_REQUIREMENT:_
Write out the data word for word and omit every picture.

_SUPPLIED INFORMATION:_
+ + + +
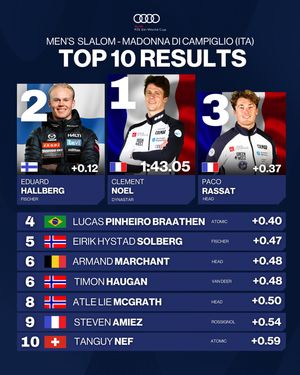 Image post by @fisalpine on Instagram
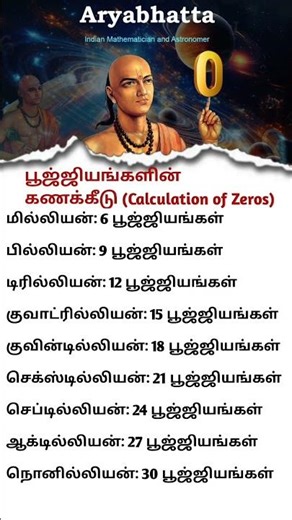 "Aryabhatta – The Great Indian Mathematician who gave the world ZERO #Aryabhatta #Zero #Mathematics"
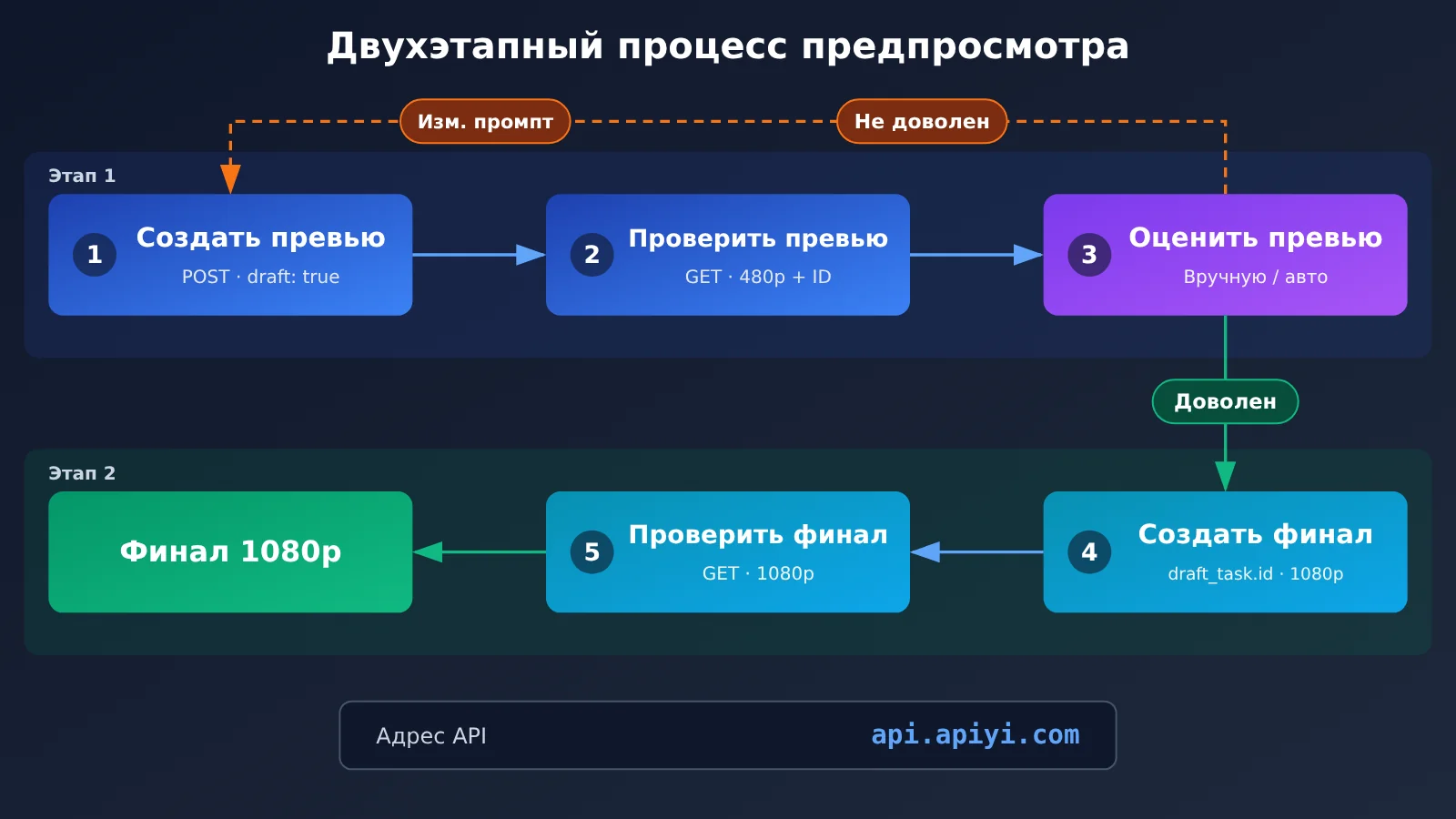 seedance-2-5-draft-mode-apiyi-guide-ru-image-1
+ + + +
_EXERCISE SOLUTION:_
 Image post by @fisalpine on Instagram
 "Aryabhatta – The Great Indian Mathematician who gave the world ZERO #Aryabhatta #Zero #Mathematics"
 seedance-2-5-draft-mode-apiyi-guide-ru-image-1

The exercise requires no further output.